▶ _TASK DETAILS_: Leaving out the pictures, please reproduce exactly and only the lines from the one that contains "Young Business Lady" through the last line below.

**** SOURCE RECORDS ****

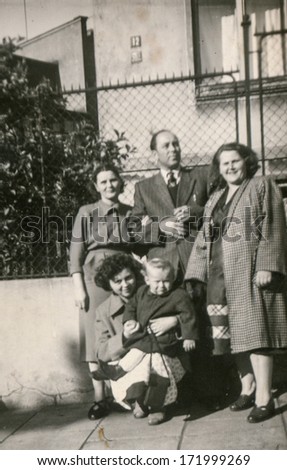 BIELSKO, POLAND, CIRCA 1940s - vintage photo of happy family with a child outdoor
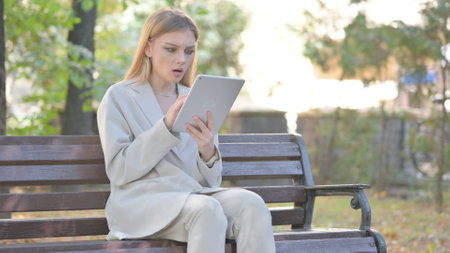 Young Business Lady on Tablet while Sitting on Benchの写真素材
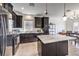 The kitchen features dark cabinetry, a center island with light countertops and stainless steel appliances at 10509 Hartford Hills Ave, Las Vegas, NV 89166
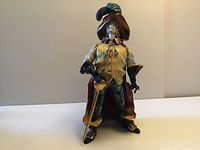 Front view of the cavalier figure standing upright on a plain white surface with neutral background, showcasing colorful and detailed attire.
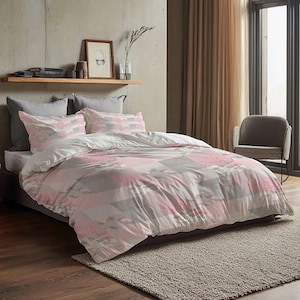 Pode incluir: Uma cama com um edredom estampado e um conjunto de almofadas. O edredom apresenta um design de patchwork em tons de rosa, cinza e branco. A cama é feita com almofadas cinzentas e um lençol branco. O quarto tem um esquema de cores neutras.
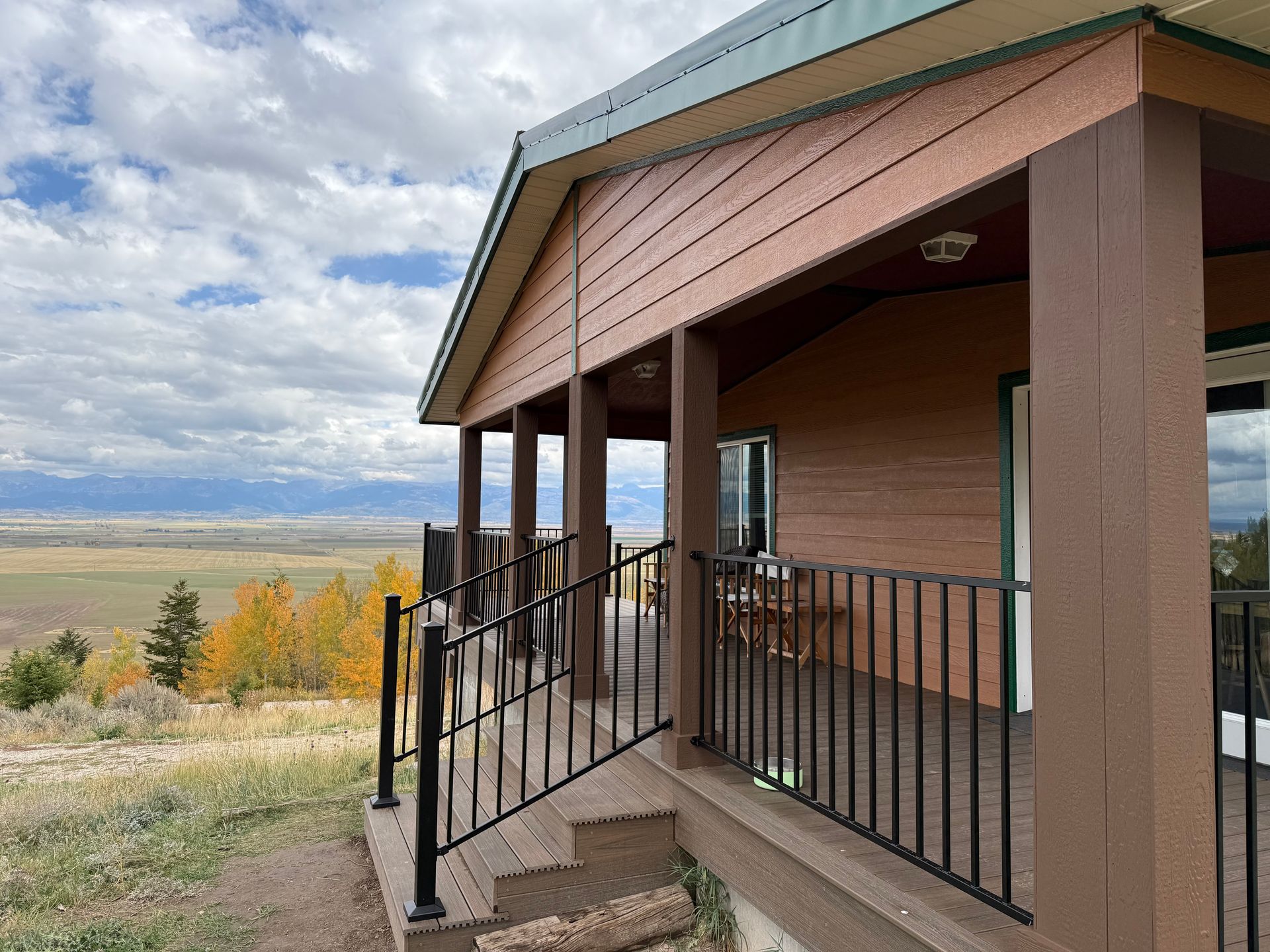 Porch with black railings overlooking a cloudy valley landscape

****

▶ _FINISHED TASK_:
 Young Business Lady on Tablet while Sitting on Benchの写真素材
 The kitchen features dark cabinetry, a center island with light countertops and stainless steel appliances at 10509 Hartford Hills Ave, Las Vegas, NV 89166
 Front view of the cavalier figure standing upright on a plain white surface with neutral background, showcasing colorful and detailed attire.
 Pode incluir: Uma cama com um edredom estampado e um conjunto de almofadas. O edredom apresenta um design de patchwork em tons de rosa, cinza e branco. A cama é feita com almofadas cinzentas e um lençol branco. O quarto tem um esquema de cores neutras.
 Porch with black railings overlooking a cloudy valley landscape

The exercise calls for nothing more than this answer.